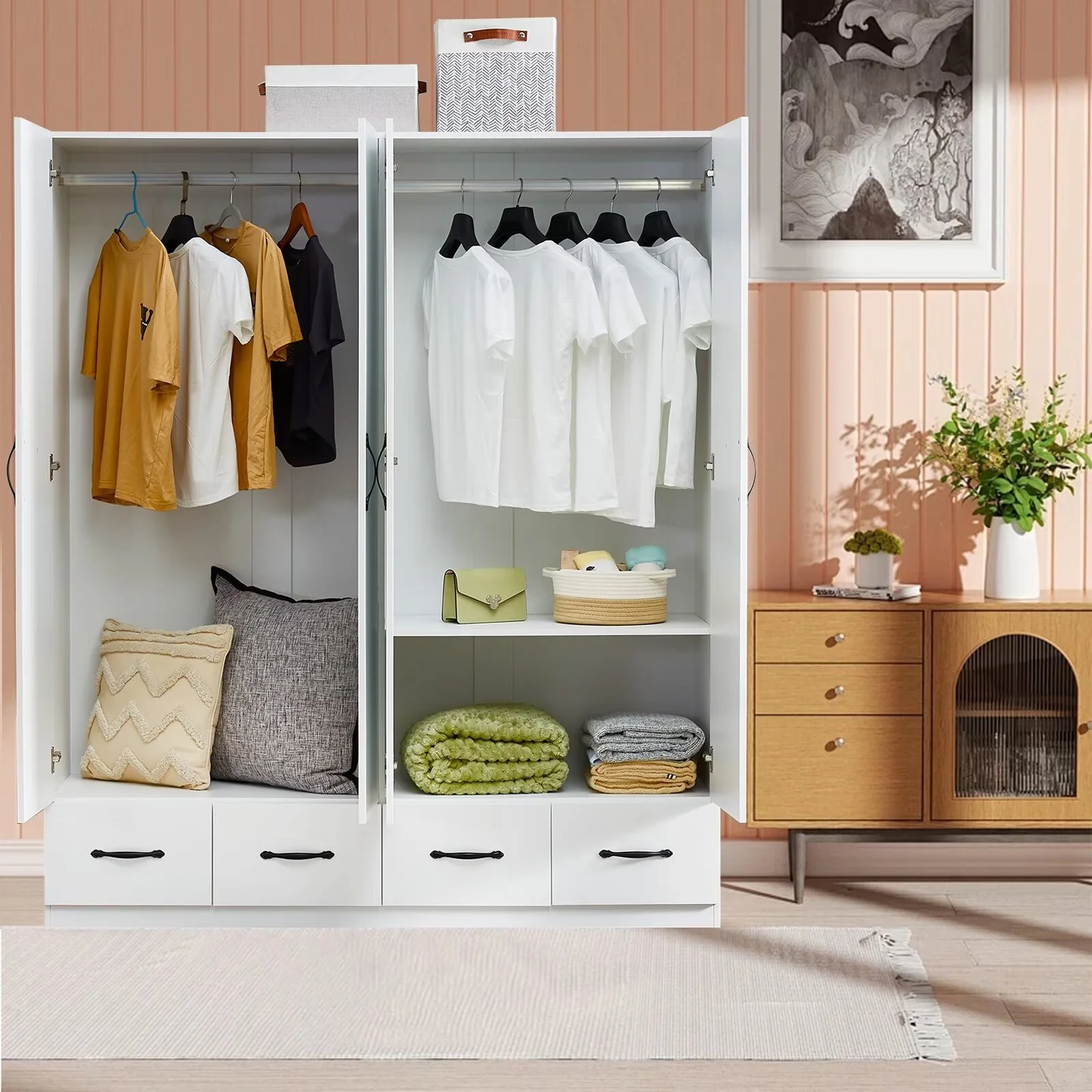 ModMakers 4-Door Wardrobe Armoire Closet | Wardrobe Storage Wood Armoire Wardrobe Cabinet w/ Mirror, 2 Hanging Rods & 4 Drawers, White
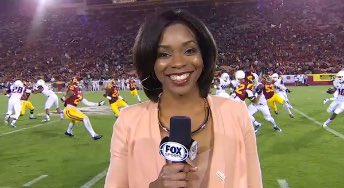 Digging Kristina Pink sideline reporter on Thursday Night Football. 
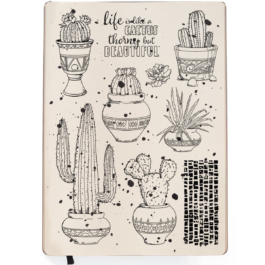 Stemple LIFE IS LIKE A CACTUS 15x20cm Ciao Bella 9szt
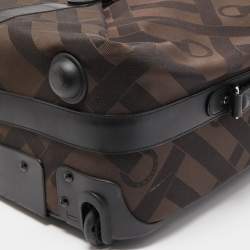 Pre Owned Lancel Black/Dark Brown Jacquard Canvas Rolling Luggage 50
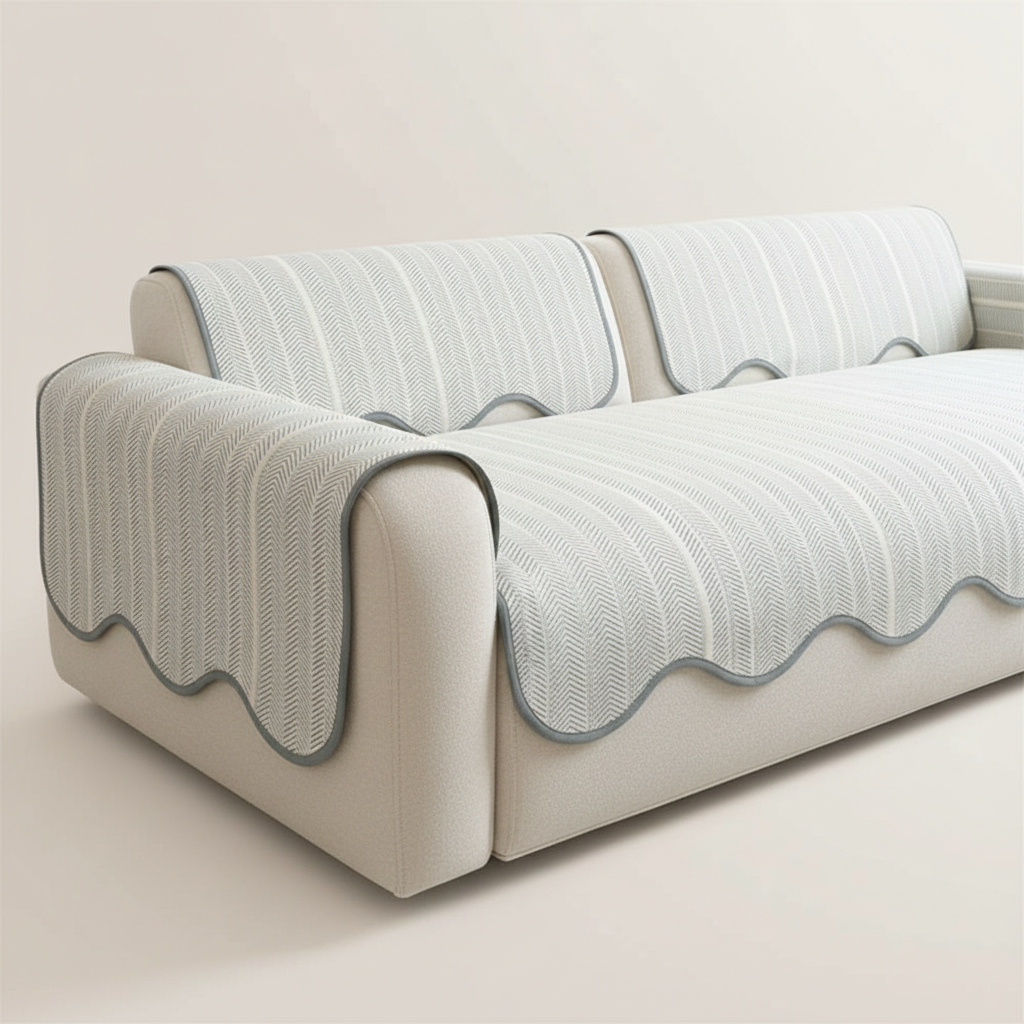 Herringbone Sofa Cover with Scalloped Edge - Mist Chevron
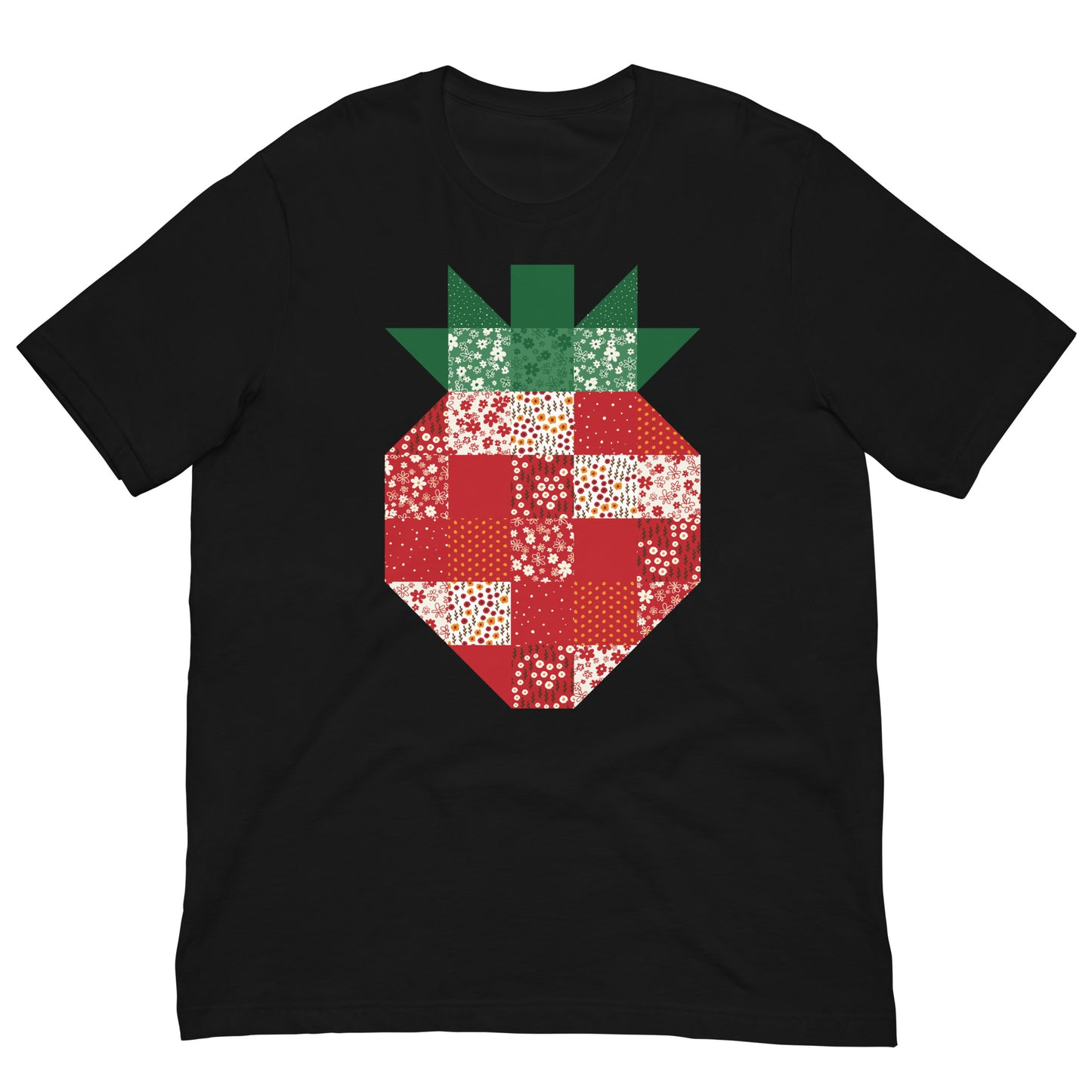 Strawberry Quilt Block Floral Pattern Unisex t-shirt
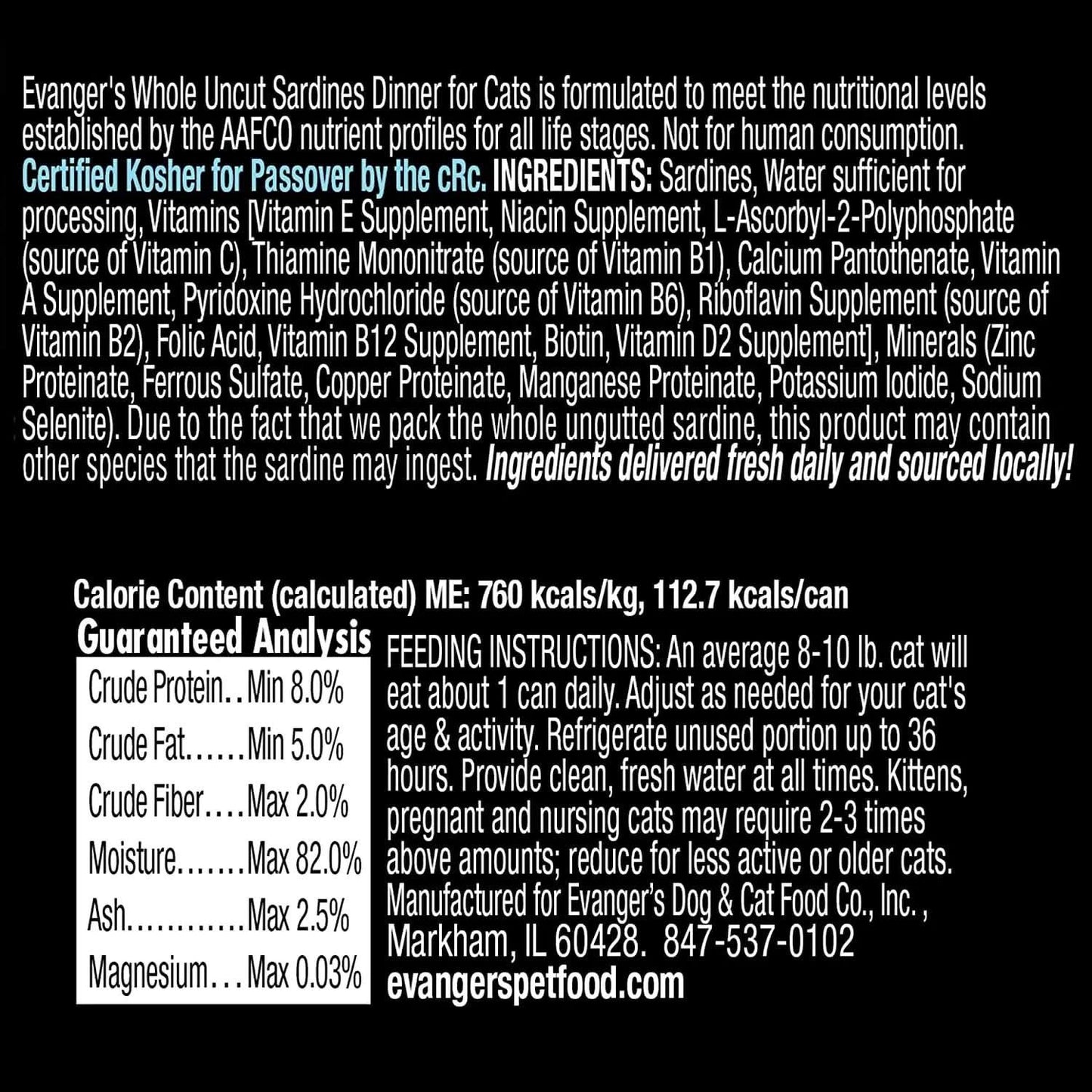 Evanger's Hand Packed Whole Uncut Sardines Canned Dog Food 12ea/12 oz Evanger's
+++++
Copy all the data exactly as written, but skip any picture.

 ModMakers 4-Door Wardrobe Armoire Closet | Wardrobe Storage Wood Armoire Wardrobe Cabinet w/ Mirror, 2 Hanging Rods & 4 Drawers, White
 Digging Kristina Pink sideline reporter on Thursday Night Football. 
 Stemple LIFE IS LIKE A CACTUS 15x20cm Ciao Bella 9szt
 Pre Owned Lancel Black/Dark Brown Jacquard Canvas Rolling Luggage 50
 Herringbone Sofa Cover with Scalloped Edge - Mist Chevron
 Strawberry Quilt Block Floral Pattern Unisex t-shirt
 Evanger's Hand Packed Whole Uncut Sardines Canned Dog Food 12ea/12 oz Evanger's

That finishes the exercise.